→ INPUT DATA
BEGIN
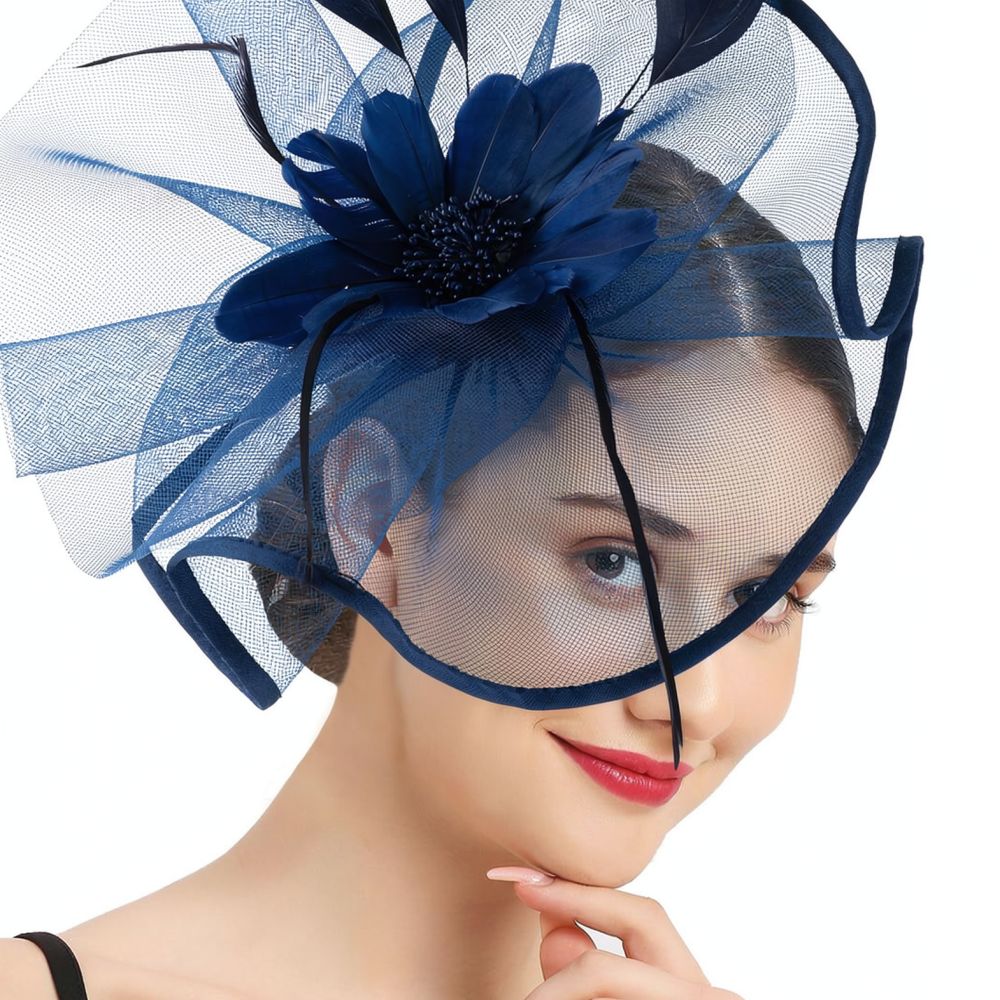 إكسسوار شعر عصري من الشبك والر - مراجعة Women'S Fashion Kentucky Derby وسعره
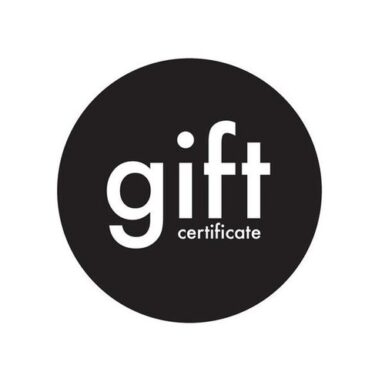 Gift Certificate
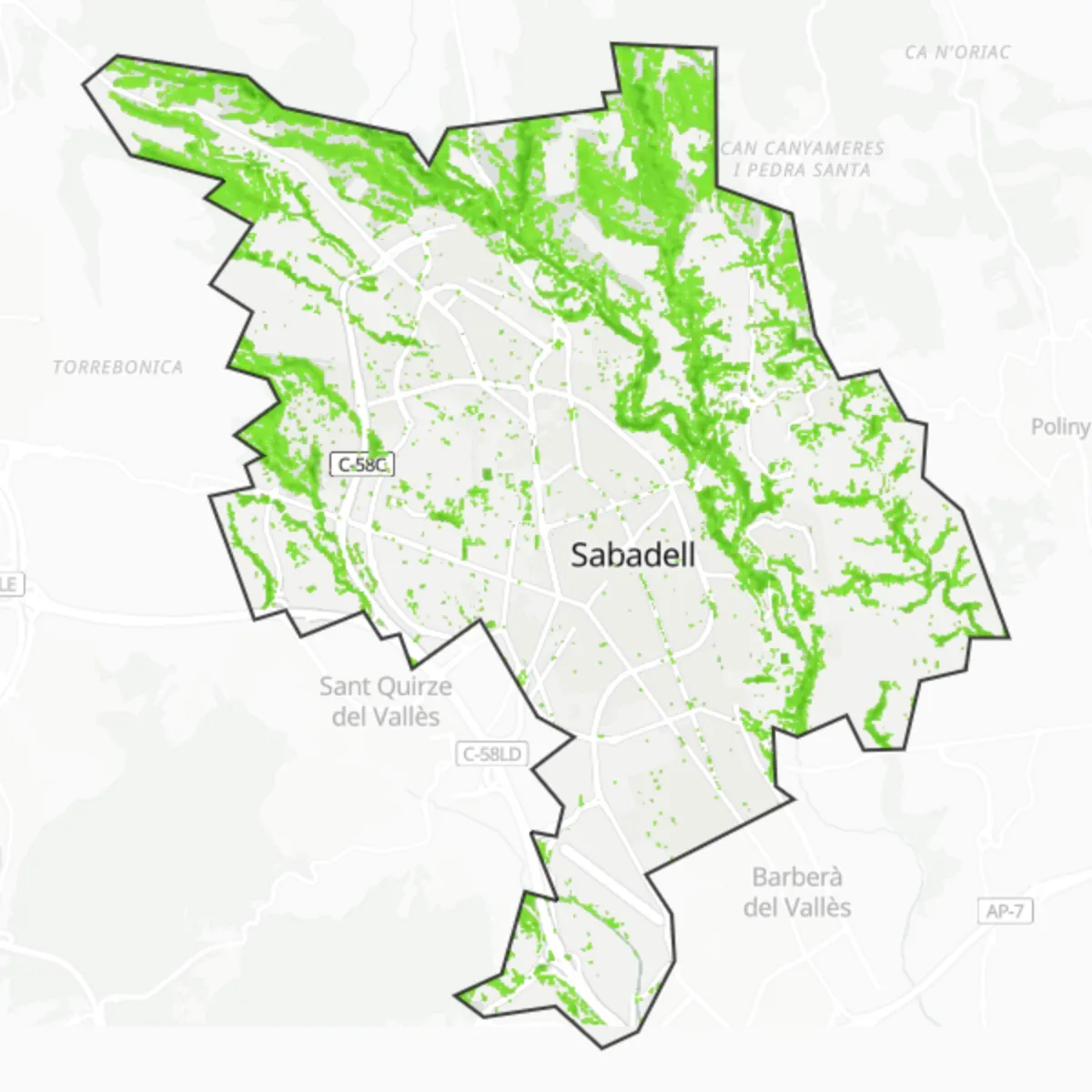 Sajf aħdar — Sabadell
END
→ DIRECTIONS FOR THIS TASK
Output the material verbatim, skipping the images.

→ EXERCISE RESULT
 إكسسوار شعر عصري من الشبك والر - مراجعة Women'S Fashion Kentucky Derby وسعره
 Gift Certificate
 Sajf aħdar — Sabadell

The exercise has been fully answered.